### Assignment
Word for word, repeat the data; no picture should appear in the result.
(Stored data begins)
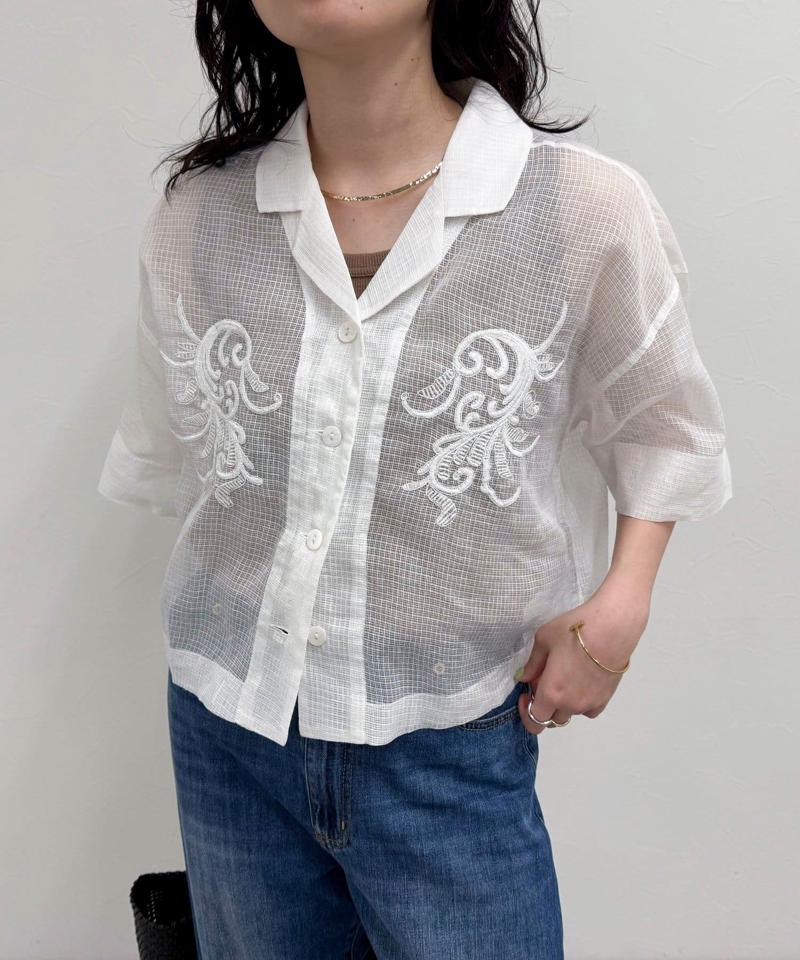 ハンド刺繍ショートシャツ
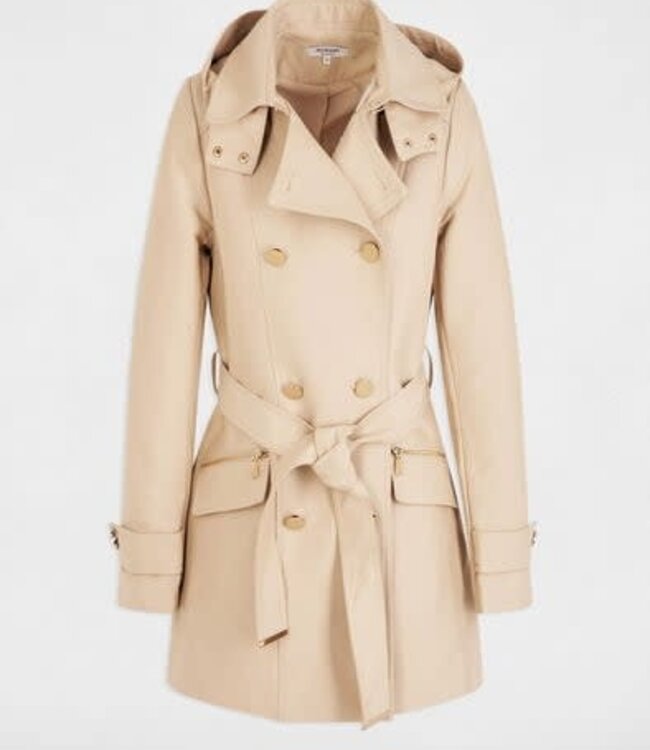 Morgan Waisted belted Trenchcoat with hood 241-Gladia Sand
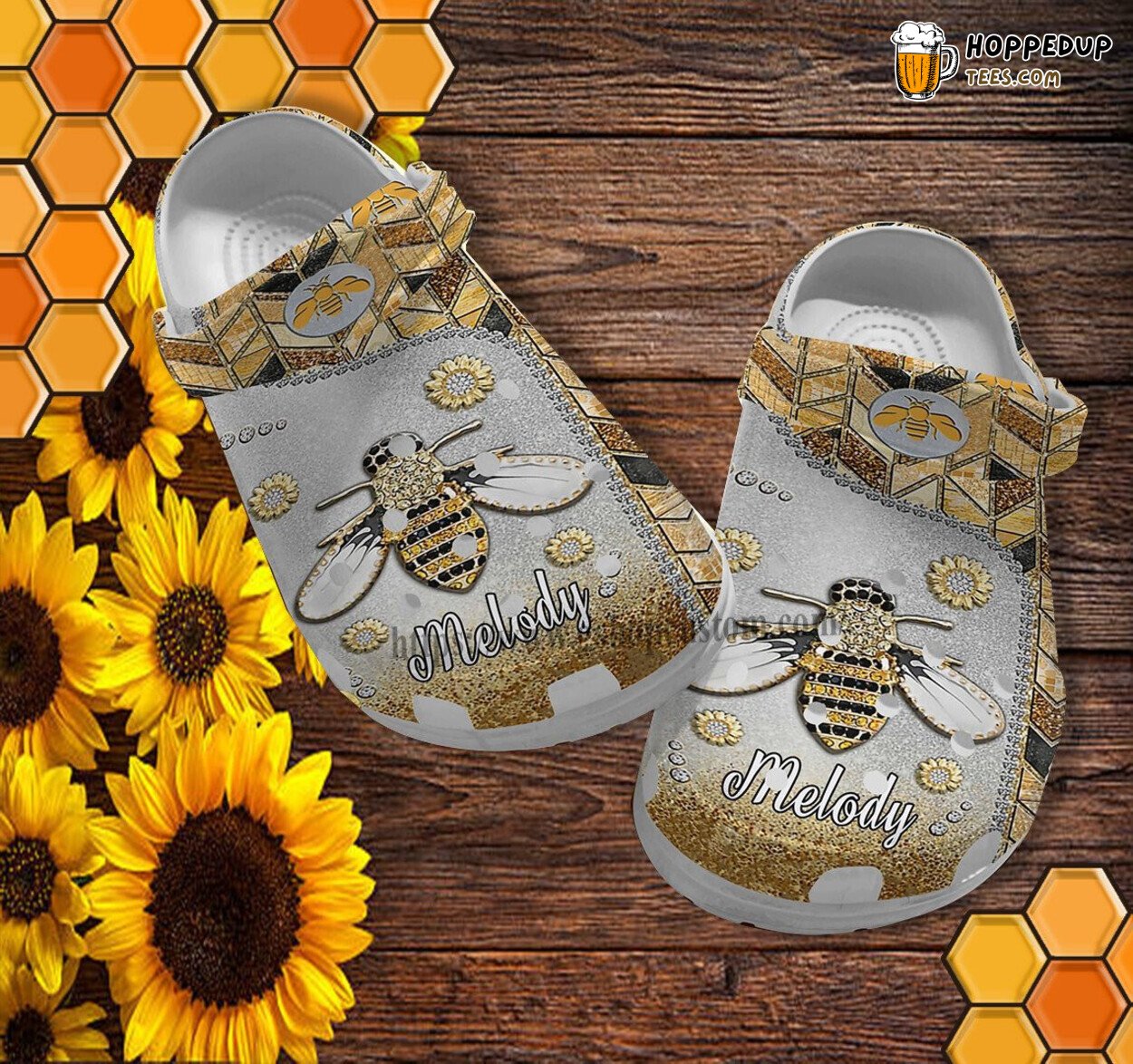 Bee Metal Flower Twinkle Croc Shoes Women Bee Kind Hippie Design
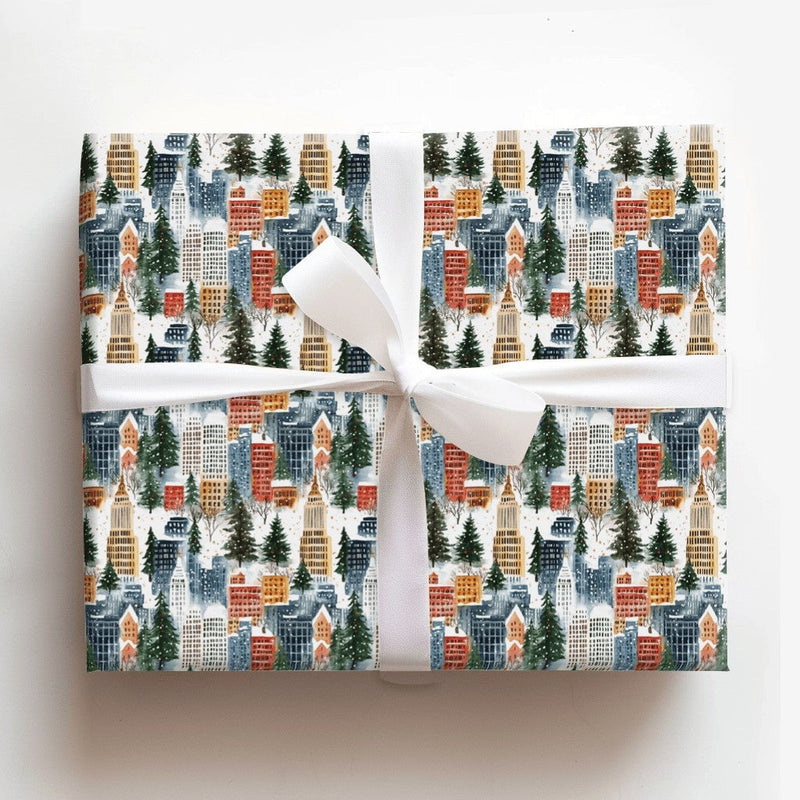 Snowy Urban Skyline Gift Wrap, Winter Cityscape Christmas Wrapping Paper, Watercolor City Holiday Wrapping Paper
(Stored data ends)
### Answer for the task
 ハンド刺繍ショートシャツ
 Morgan Waisted belted Trenchcoat with hood 241-Gladia Sand
 Bee Metal Flower Twinkle Croc Shoes Women Bee Kind Hippie Design
 Snowy Urban Skyline Gift Wrap, Winter Cityscape Christmas Wrapping Paper, Watercolor City Holiday Wrapping Paper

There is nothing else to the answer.